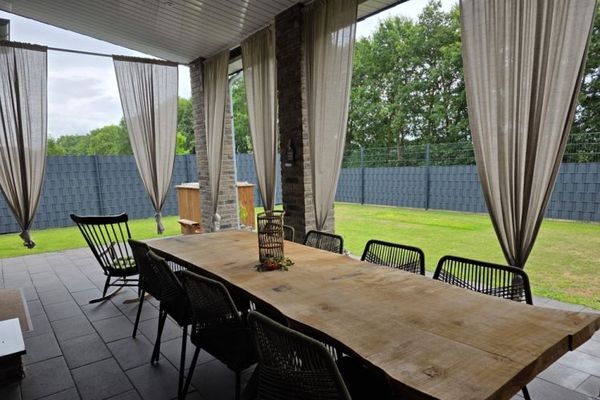 Niemal nowy bungalow w popularnej dzielnicy mieszkaniowej Spelle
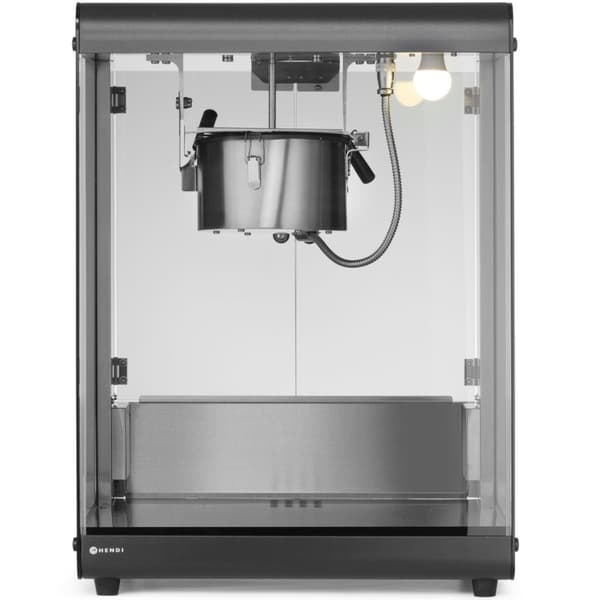 Popcornmaskine 80 l 1155 W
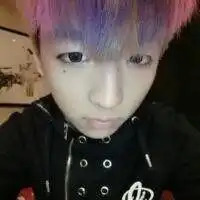 原宿风男生头像好看的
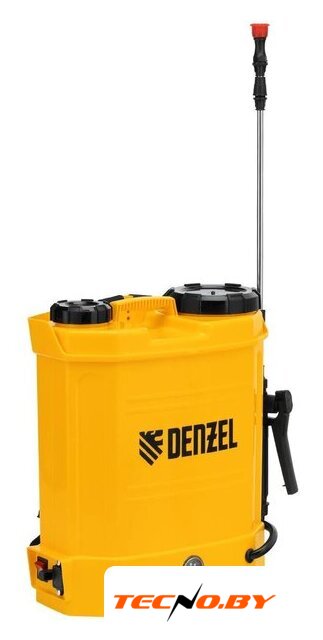 Аккумуляторный опрыскиватель Denzel D-12LA - Изображение №1 — Интернет-Магазин TECNO.BY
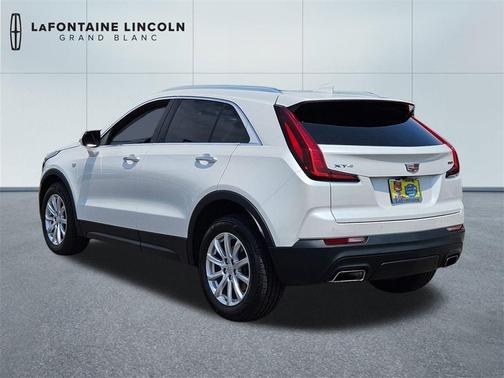 2023 Cadillac XT4 Luxury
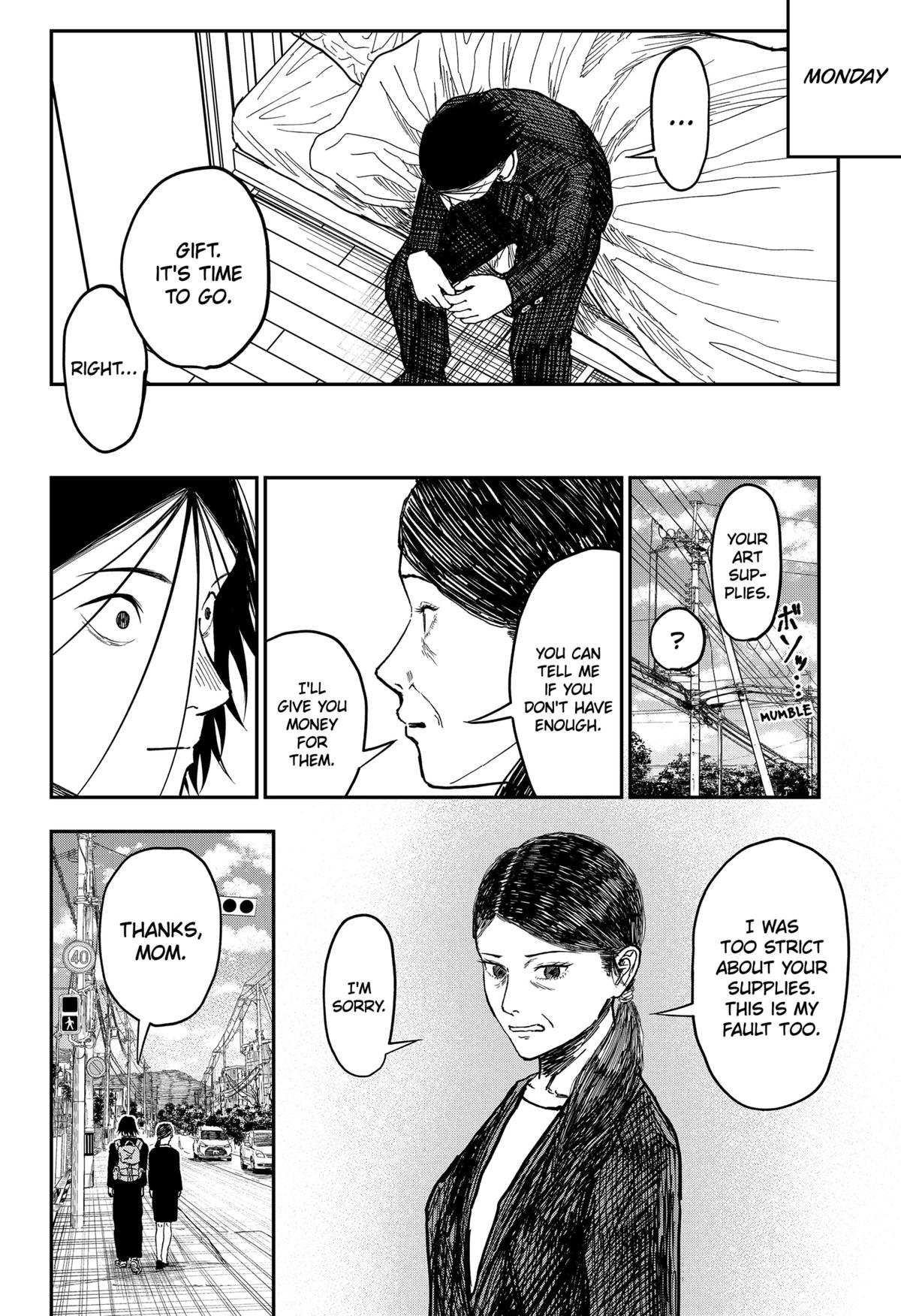 gift of poison Chap 10 - Next Chap 11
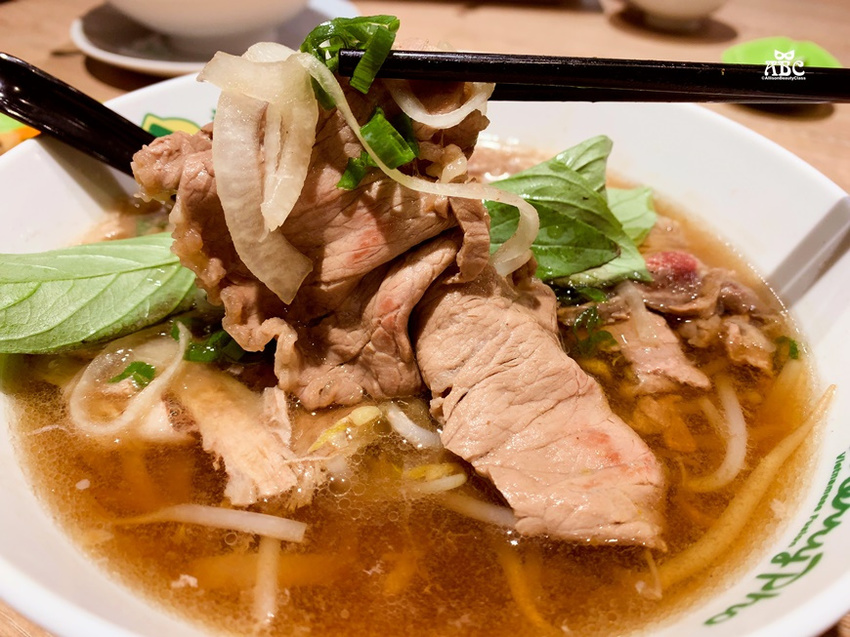 美利河竹北餐廳美食推薦食記Merry Pho越南料理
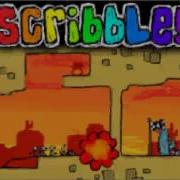Scribble Nitrome Menu Theme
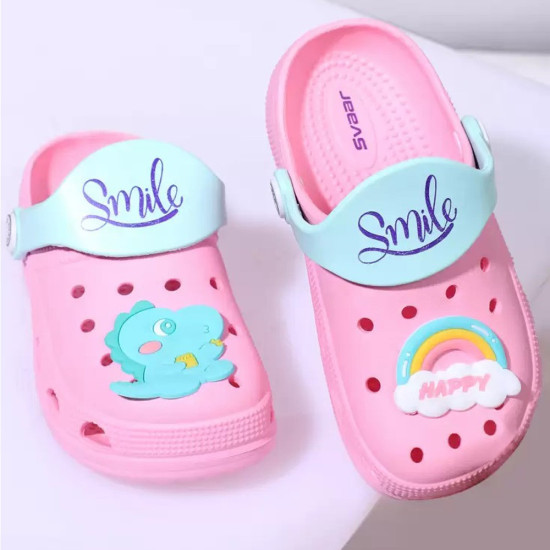Attractive Clog Shoes Indoor & Outdoor For Children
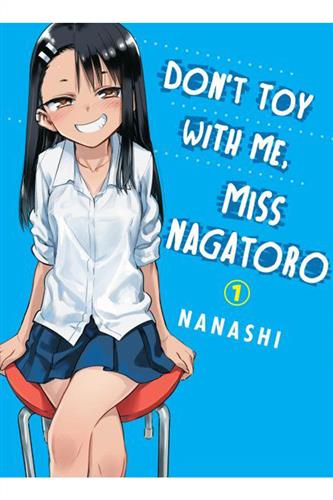 Don't Toy With Me, Miss Nagatoro vol. 1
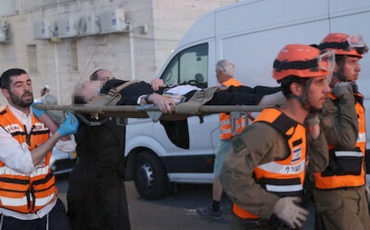 Фото Алекс Коломойский / Вести. Израиль по-русски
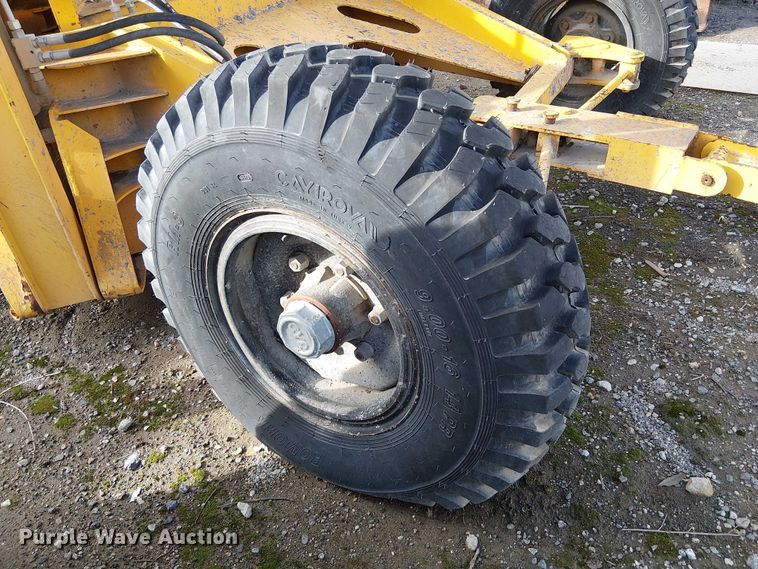 image for item EE4980 2015 Atabey B17 ERC concrete placer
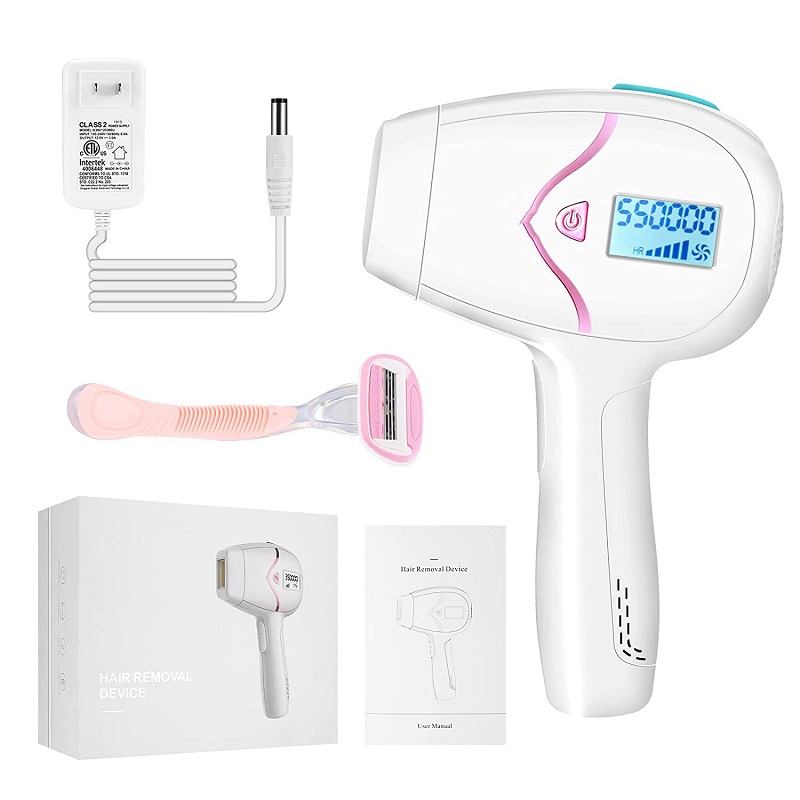 Laser Hair Removal  Hair Removal For Men - At Home Laser Hair Removal Device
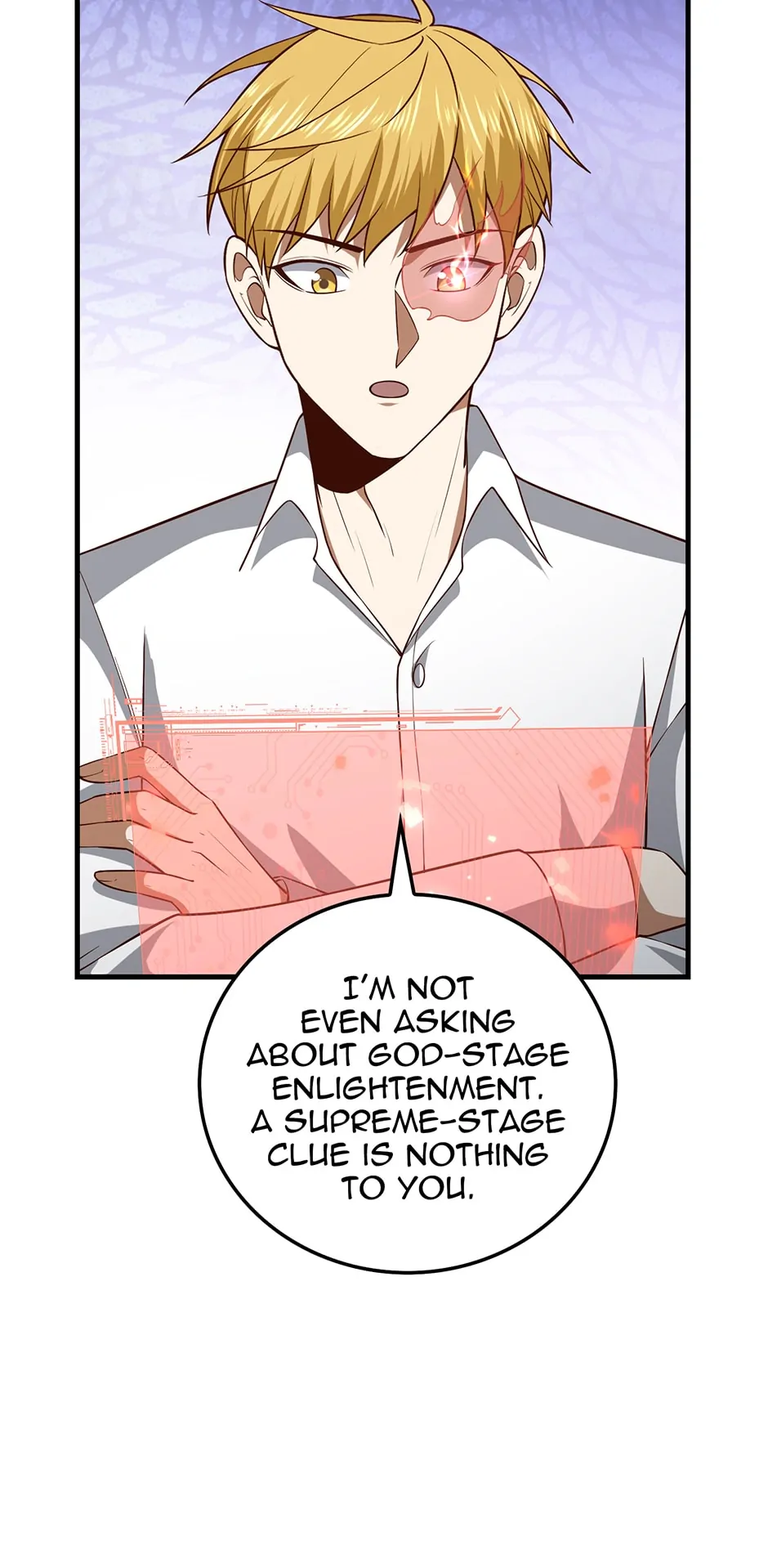 Read The Lord of Coins EN Manga Online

================

# PROBLEM TO SOLVE:
Exactly as written, copy out the listing, but without any pictures.

# REPLY TO THE TASK:
 Niemal nowy bungalow w popularnej dzielnicy mieszkaniowej Spelle
 Popcornmaskine 80 l 1155 W
 原宿风男生头像好看的
 Аккумуляторный опрыскиватель Denzel D-12LA - Изображение №1 — Интернет-Магазин TECNO.BY
 2023 Cadillac XT4 Luxury
 gift of poison Chap 10 - Next Chap 11
 美利河竹北餐廳美食推薦食記Merry Pho越南料理
Scribble Nitrome Menu Theme
Attractive Clog Shoes Indoor & Outdoor For Children
 Don't Toy With Me, Miss Nagatoro vol. 1
 Фото Алекс Коломойский / Вести. Израиль по-русски
 image for item EE4980 2015 Atabey B17 ERC concrete placer
 Laser Hair Removal  Hair Removal For Men - At Home Laser Hair Removal Device
 Read The Lord of Coins EN Manga Online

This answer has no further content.